Wiry and thin, gray-haired, he was now a thirty-five year veteran. He’d been wounded in the late seventies, a working-class kid who had clawed his way up to a command. He had more than once gone to bat for Jessica. She was both happy and saddened that Sgt. Dwight Buchanan was going to retire in less than a month. He could have coasted to the end, but here he was in the midst of battle, as always. He held in his hands an evidence bag. Inside was Monica Renzi’s necklace. Jessica wondered if this was Ike Buchanan’s Cheerio.

He stood in front a large blowup map of North Philadelphia, specifically the area known as the Badlands.

“I want ten detective teams on the street,” Buchanan said. He pinned ten pushpins on the map. “The first five teams will be deployed at the four corners of the Badlands—North Broad and Spring Garden, North Broad and Erie, Erie and Front Street, Front Street and Spring Garden, along with a team near Norris Square. The other five teams will ring the center.

“If this is going down in East Division, I want gold badges at the scene in ninety seconds or less. Sector cars from the Twenty-fourth and Twenty-fifth will be patrolling and monitoring J-Band. Detective Park and Sergeant Rohmer will work the computers. Any request for information should go directly to them. AV Unit will have eyes glued to the cams.”

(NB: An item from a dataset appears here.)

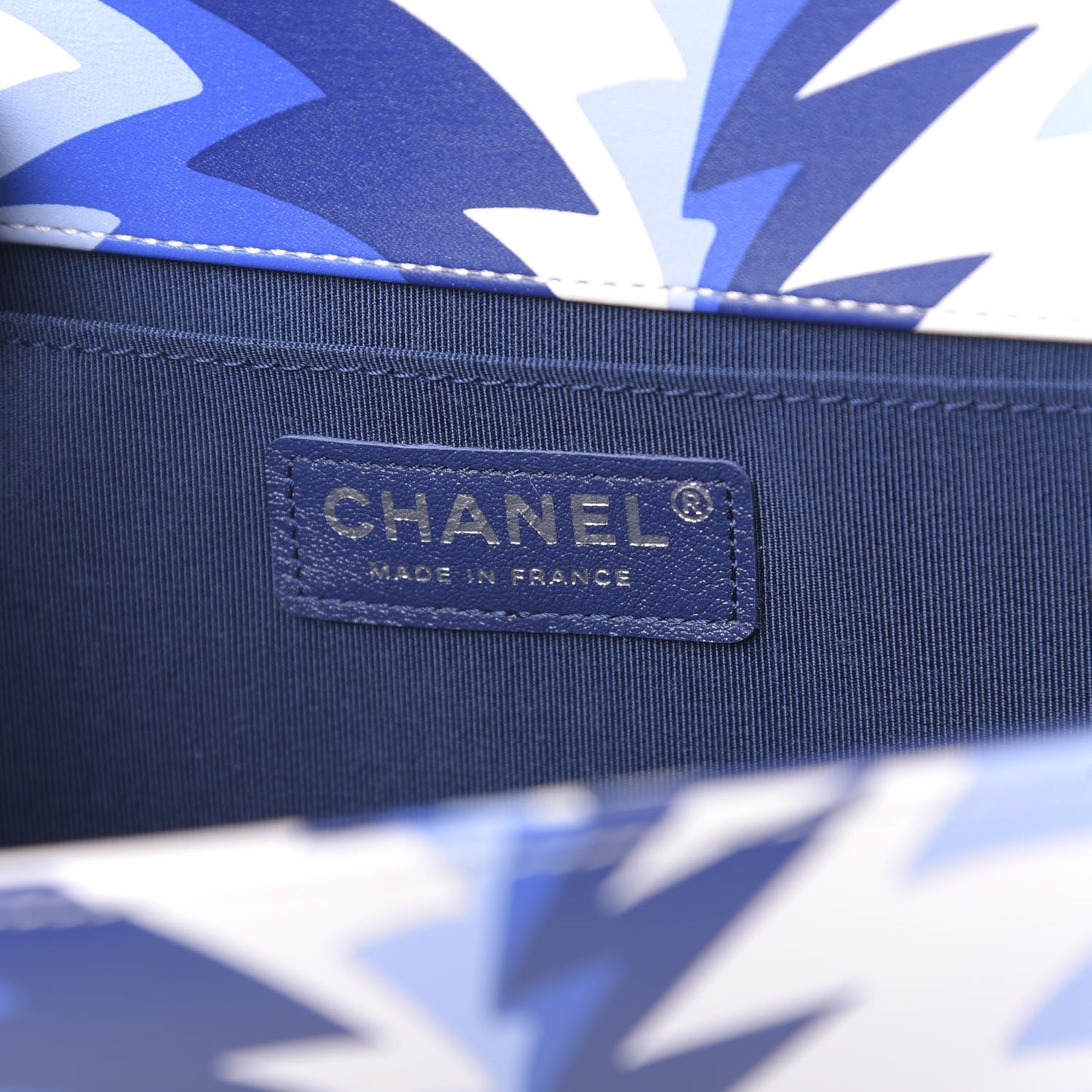 Printed Calfskin Medium Boy Flap Blue White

Buchanan scanned the sea of anxious faces, looking for questions, comments. None came.

“It looks like there are three girls in jeopardy out there,” he said. “They are our responsibility now. Find them. Find this man. Shut him down.”

| SIXTY-NINE |

| 12 : 46 AM |

T
HE SOUNDS CAME TO HER IN WAVES
. A
T FIRST SHE THOUGHT IT WAS
Rip. When her dog had been a puppy he got out of his small plaid bed every morning at dawn, parked himself at the foot of her bed, tail in motion, thumping the side of the box spring. If that didn’t wake her, he jumped onto her bed and positioned himself, paws out front, right by her ear. He wouldn’t bark, wouldn’t growl, wouldn’t whine, but the sound of his breathing—not to mention the aroma of puppy breath—would eventually wake her up.

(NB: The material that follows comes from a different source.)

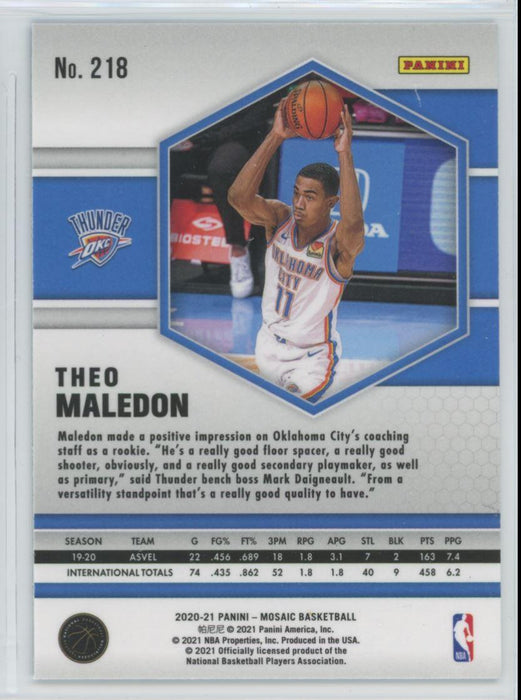 2020 Panini Mosaic Basketball # 218 Theo Maledon RC Oklahoma City Thunder - Collectible Craze America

Lilly realized it wasn’t Rip. She wasn’t home.

She was in Hell.

The last thing she remembered was getting in the man’s car. He called his wife. Then there was a strong chemical smell, and everything went black. Had they been in an accident? She did a quick inventory of arms and limbs. She wasn’t hurt.

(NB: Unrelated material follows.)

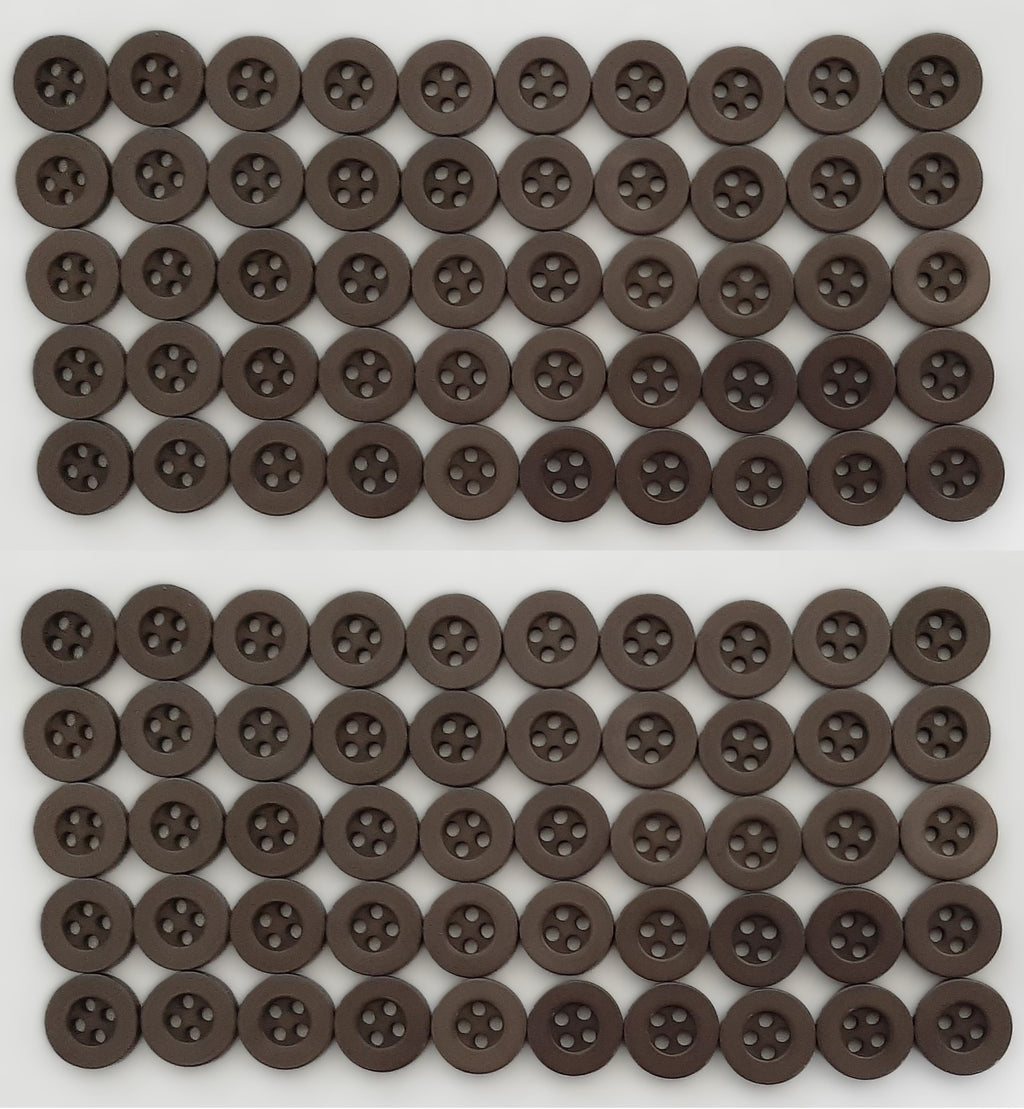 Vintage Buttons 100 4 Hole Army Shirt Button Grey Size 11.3mm NOS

Opening her eyes, the first thing she saw was a bronze chandelier hanging from some sort of plaster medallion on the ceiling. She was in a bed, covered with a white down comforter. The room was dim and hot. It felt like night. She threw off the covers, tried to sit up. Her head felt ready to fall off. She lay back down, and it all came back to her. He had drugged her somehow. She had trusted him, and he had drugged her. She felt the nausea rise in her throat, but battled it back.